Exercise brief -
In the entries below, which lines run from the one with "10pcs Tent Pegs" through the one with "COZIWOW 70 Inches"? Repeat exactly those, both included, and no pictures.

Supplied material -
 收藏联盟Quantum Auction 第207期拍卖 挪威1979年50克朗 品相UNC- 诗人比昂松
---
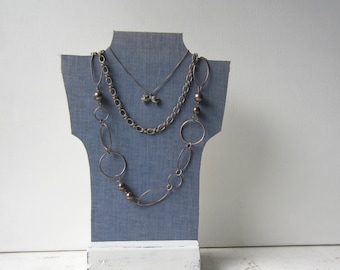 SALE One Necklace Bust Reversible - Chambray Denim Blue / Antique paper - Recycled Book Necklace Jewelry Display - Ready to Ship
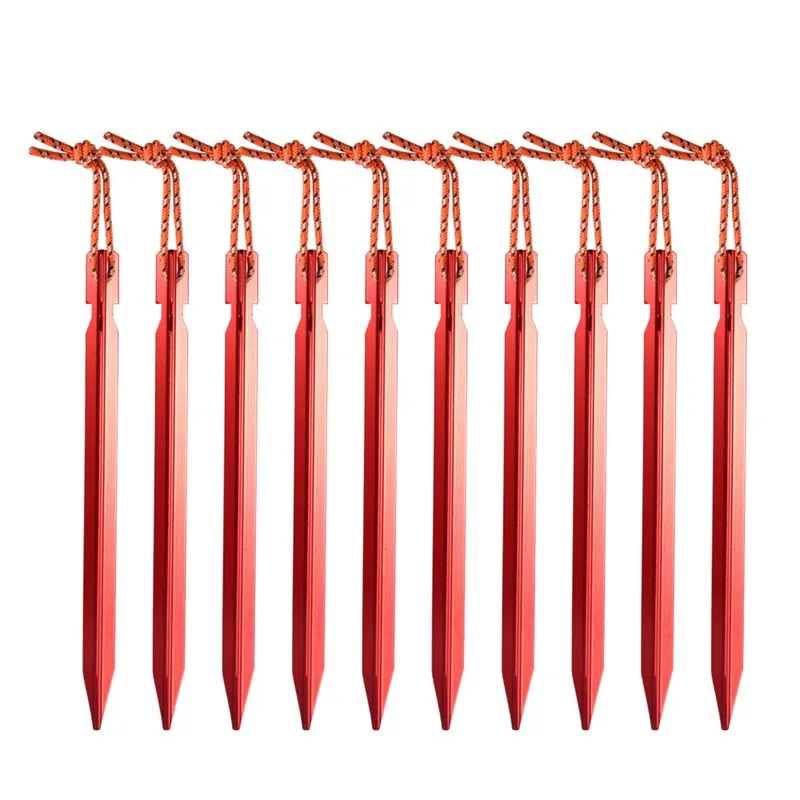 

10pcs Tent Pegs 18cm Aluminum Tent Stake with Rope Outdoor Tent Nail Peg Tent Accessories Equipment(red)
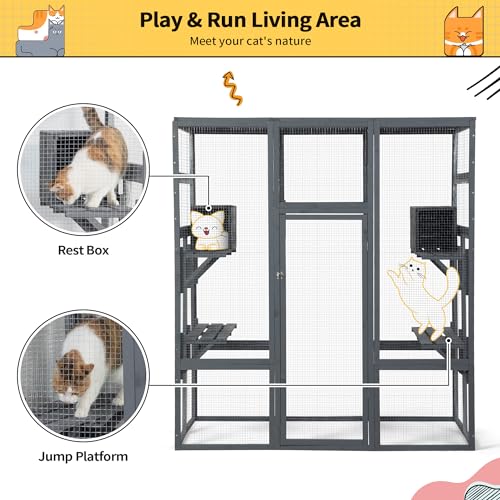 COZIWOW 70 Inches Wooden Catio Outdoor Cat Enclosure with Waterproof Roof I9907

Result -
10pcs Tent Pegs 18cm Aluminum Tent Stake with Rope Outdoor Tent Nail Peg Tent Accessories Equipment(red)
 COZIWOW 70 Inches Wooden Catio Outdoor Cat Enclosure with Waterproof Roof I9907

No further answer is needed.